> [Exercise objective]: Below are several entries. Transcribe exactly those lines that fall from the one with "Пример заполнения индекса 347629" through the one with "GlassHive vs HubSpot", end lines included.

> [Supplied data]:
· · · · ·
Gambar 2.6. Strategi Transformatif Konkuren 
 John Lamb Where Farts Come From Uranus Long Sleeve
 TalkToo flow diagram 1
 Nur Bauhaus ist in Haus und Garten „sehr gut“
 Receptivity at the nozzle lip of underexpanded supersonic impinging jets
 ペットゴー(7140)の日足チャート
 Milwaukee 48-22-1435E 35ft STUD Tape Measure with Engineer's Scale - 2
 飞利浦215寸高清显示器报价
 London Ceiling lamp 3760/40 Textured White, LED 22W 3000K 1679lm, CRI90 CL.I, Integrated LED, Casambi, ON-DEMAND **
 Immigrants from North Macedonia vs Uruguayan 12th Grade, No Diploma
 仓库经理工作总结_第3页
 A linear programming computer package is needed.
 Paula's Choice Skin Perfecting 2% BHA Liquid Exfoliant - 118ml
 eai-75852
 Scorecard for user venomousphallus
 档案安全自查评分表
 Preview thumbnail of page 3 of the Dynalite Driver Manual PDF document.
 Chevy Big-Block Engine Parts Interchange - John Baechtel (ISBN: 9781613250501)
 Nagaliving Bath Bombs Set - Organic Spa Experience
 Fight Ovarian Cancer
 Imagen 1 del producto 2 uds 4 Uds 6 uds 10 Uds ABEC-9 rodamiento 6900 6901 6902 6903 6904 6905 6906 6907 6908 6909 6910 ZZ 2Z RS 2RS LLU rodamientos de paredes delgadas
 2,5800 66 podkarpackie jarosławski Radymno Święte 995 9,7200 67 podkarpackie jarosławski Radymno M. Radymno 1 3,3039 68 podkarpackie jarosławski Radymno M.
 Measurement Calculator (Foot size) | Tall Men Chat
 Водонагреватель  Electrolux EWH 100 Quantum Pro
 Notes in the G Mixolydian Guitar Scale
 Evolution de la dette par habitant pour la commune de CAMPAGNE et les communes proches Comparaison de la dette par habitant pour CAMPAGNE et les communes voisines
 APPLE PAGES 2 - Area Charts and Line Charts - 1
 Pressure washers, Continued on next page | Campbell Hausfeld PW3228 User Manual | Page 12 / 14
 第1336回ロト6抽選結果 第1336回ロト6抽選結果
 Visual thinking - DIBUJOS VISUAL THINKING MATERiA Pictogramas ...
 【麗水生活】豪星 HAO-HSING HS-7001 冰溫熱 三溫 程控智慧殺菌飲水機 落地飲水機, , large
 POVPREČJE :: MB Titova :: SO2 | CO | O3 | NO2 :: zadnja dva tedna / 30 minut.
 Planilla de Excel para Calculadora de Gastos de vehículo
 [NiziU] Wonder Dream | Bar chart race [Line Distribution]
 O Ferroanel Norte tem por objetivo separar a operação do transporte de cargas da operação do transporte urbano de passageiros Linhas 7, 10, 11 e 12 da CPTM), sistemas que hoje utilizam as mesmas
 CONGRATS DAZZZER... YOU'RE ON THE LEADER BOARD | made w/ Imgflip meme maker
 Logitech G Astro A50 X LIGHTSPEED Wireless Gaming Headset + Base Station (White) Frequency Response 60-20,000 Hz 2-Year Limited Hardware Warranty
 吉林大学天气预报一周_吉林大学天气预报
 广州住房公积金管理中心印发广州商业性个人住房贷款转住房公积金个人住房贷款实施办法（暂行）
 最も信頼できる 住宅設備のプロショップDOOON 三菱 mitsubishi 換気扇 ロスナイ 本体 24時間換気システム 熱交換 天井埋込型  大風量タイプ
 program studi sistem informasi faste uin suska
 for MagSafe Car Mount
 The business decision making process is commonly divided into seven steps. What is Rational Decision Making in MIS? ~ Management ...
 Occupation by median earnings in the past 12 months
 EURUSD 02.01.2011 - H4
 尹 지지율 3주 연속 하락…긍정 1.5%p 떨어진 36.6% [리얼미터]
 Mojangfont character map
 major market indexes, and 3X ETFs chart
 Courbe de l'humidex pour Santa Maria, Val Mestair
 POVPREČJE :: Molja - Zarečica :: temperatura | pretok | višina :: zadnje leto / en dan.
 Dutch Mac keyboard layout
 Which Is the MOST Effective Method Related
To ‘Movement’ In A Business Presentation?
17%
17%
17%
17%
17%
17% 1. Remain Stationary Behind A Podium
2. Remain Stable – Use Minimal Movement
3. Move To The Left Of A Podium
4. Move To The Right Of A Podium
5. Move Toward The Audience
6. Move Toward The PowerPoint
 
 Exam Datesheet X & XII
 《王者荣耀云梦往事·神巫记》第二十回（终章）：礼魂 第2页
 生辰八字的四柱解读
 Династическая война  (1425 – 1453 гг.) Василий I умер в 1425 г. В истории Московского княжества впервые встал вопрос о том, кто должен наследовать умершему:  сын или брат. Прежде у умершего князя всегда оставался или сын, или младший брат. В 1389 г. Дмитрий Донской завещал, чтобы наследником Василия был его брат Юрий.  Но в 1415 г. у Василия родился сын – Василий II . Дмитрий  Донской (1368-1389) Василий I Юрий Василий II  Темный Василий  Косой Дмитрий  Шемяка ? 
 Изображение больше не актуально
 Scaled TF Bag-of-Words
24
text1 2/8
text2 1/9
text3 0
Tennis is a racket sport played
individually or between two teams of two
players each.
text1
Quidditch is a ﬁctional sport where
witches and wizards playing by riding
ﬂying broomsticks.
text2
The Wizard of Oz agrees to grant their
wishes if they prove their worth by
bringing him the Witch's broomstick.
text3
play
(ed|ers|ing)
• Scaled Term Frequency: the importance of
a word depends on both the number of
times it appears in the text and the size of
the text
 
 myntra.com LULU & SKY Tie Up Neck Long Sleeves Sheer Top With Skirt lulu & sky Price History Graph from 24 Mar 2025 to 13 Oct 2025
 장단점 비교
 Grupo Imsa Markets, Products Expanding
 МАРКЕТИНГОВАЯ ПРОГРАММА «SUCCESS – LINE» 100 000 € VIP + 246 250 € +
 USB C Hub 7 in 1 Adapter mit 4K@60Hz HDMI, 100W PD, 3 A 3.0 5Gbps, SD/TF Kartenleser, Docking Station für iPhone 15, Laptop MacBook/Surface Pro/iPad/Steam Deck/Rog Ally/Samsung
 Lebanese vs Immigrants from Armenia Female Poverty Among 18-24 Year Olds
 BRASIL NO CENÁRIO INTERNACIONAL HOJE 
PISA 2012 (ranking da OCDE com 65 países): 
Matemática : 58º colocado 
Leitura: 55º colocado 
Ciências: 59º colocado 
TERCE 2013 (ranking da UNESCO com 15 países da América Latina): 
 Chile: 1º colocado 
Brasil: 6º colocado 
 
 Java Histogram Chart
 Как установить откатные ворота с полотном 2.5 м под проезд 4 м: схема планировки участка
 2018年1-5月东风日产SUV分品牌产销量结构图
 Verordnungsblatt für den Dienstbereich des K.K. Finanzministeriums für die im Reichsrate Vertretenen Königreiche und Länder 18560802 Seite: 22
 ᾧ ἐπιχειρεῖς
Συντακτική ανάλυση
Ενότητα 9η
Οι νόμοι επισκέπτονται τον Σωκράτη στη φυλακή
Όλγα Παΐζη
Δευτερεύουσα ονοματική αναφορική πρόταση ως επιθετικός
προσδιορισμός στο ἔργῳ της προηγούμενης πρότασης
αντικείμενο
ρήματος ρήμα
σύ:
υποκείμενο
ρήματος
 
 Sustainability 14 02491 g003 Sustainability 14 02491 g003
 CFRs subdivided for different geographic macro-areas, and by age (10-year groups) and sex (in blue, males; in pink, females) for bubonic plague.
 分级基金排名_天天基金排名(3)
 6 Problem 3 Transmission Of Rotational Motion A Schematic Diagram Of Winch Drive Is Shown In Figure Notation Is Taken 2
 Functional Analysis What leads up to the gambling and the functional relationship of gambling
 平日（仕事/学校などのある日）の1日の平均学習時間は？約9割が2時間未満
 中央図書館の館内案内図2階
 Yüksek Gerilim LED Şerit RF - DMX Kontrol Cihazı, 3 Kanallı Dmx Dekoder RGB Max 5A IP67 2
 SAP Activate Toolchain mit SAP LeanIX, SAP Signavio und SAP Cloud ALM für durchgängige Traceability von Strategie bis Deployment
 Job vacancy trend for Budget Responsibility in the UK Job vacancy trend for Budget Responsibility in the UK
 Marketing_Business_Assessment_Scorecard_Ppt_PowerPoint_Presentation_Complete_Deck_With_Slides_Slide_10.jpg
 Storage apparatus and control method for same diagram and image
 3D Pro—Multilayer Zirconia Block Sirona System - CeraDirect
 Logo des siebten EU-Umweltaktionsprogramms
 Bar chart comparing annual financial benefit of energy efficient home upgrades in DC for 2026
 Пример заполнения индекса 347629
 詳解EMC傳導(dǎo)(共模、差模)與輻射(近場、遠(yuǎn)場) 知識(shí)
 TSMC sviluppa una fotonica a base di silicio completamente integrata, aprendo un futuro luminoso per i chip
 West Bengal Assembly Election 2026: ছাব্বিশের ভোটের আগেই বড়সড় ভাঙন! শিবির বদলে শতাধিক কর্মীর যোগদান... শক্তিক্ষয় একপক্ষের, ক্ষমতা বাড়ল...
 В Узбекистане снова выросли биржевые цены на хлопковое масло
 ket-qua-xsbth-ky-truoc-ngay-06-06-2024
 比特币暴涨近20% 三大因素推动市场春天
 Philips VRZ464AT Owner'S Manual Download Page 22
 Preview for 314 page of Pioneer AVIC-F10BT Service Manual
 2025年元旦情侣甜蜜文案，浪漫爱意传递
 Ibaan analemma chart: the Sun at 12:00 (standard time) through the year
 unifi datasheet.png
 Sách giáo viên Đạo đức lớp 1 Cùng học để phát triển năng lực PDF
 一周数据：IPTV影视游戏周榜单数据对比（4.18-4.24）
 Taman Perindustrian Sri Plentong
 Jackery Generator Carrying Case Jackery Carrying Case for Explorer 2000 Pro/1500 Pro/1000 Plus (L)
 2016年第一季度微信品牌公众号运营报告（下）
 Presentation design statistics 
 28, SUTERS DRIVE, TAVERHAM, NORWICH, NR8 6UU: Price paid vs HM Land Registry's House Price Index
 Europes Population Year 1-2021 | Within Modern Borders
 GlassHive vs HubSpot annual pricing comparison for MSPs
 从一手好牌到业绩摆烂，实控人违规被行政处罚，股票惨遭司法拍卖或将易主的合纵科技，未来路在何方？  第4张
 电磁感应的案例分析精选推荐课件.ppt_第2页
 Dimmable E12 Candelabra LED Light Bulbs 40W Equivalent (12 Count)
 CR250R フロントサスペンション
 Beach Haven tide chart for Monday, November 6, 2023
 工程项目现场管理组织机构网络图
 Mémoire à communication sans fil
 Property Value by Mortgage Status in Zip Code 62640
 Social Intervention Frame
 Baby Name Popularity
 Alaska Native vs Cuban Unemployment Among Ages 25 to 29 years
· · · · ·
> [Task answer]:
 Пример заполнения индекса 347629
 詳解EMC傳導(dǎo)(共模、差模)與輻射(近場、遠(yuǎn)場) 知識(shí)
 TSMC sviluppa una fotonica a base di silicio completamente integrata, aprendo un futuro luminoso per i chip
 West Bengal Assembly Election 2026: ছাব্বিশের ভোটের আগেই বড়সড় ভাঙন! শিবির বদলে শতাধিক কর্মীর যোগদান... শক্তিক্ষয় একপক্ষের, ক্ষমতা বাড়ল...
 В Узбекистане снова выросли биржевые цены на хлопковое масло
 ket-qua-xsbth-ky-truoc-ngay-06-06-2024
 比特币暴涨近20% 三大因素推动市场春天
 Philips VRZ464AT Owner'S Manual Download Page 22
 Preview for 314 page of Pioneer AVIC-F10BT Service Manual
 2025年元旦情侣甜蜜文案，浪漫爱意传递
 Ibaan analemma chart: the Sun at 12:00 (standard time) through the year
 unifi datasheet.png
 Sách giáo viên Đạo đức lớp 1 Cùng học để phát triển năng lực PDF
 一周数据：IPTV影视游戏周榜单数据对比（4.18-4.24）
 Taman Perindustrian Sri Plentong
 Jackery Generator Carrying Case Jackery Carrying Case for Explorer 2000 Pro/1500 Pro/1000 Plus (L)
 2016年第一季度微信品牌公众号运营报告（下）
 Presentation design statistics 
 28, SUTERS DRIVE, TAVERHAM, NORWICH, NR8 6UU: Price paid vs HM Land Registry's House Price Index
 Europes Population Year 1-2021 | Within Modern Borders
 GlassHive vs HubSpot annual pricing comparison for MSPs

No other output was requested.